## EXERCISE DIRECTIONS
Return a copy of every line in the data below that contains "Picture".

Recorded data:

* * * * * * *

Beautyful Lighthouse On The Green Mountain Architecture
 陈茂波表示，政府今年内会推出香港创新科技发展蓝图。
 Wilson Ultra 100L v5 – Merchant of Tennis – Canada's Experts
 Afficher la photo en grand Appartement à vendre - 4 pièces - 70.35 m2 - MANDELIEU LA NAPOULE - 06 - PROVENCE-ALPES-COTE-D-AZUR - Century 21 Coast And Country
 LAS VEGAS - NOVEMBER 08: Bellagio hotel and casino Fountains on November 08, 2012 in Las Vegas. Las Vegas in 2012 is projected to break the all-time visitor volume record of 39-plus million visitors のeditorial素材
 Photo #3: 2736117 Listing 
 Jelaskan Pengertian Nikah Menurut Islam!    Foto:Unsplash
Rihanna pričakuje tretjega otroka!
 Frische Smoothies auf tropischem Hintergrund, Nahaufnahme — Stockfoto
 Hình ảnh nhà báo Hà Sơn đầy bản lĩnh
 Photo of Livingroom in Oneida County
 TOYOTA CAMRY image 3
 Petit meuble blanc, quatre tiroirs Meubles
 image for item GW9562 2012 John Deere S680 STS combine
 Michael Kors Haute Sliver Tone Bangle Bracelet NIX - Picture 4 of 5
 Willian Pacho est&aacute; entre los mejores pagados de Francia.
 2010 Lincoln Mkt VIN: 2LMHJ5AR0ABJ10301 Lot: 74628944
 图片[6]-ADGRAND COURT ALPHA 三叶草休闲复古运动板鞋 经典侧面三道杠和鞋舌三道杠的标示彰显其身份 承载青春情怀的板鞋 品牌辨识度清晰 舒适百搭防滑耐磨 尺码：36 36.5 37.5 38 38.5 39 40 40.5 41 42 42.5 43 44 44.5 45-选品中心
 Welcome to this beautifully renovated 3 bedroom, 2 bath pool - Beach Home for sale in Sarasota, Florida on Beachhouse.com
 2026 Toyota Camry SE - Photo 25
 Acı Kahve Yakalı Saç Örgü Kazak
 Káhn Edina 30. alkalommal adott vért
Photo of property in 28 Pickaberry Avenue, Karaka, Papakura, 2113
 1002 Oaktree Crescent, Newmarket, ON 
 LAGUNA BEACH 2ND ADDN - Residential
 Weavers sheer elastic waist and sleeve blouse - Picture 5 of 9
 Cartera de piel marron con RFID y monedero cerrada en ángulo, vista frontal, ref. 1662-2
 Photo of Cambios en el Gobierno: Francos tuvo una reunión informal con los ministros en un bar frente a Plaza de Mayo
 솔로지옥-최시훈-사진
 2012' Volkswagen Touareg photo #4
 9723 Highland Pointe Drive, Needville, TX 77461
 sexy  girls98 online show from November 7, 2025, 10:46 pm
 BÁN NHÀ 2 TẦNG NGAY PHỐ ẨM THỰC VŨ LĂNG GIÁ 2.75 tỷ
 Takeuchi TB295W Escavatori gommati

* * * * * * *

## RESPONSE AREA
 Michael Kors Haute Sliver Tone Bangle Bracelet NIX - Picture 4 of 5
 Weavers sheer elastic waist and sleeve blouse - Picture 5 of 9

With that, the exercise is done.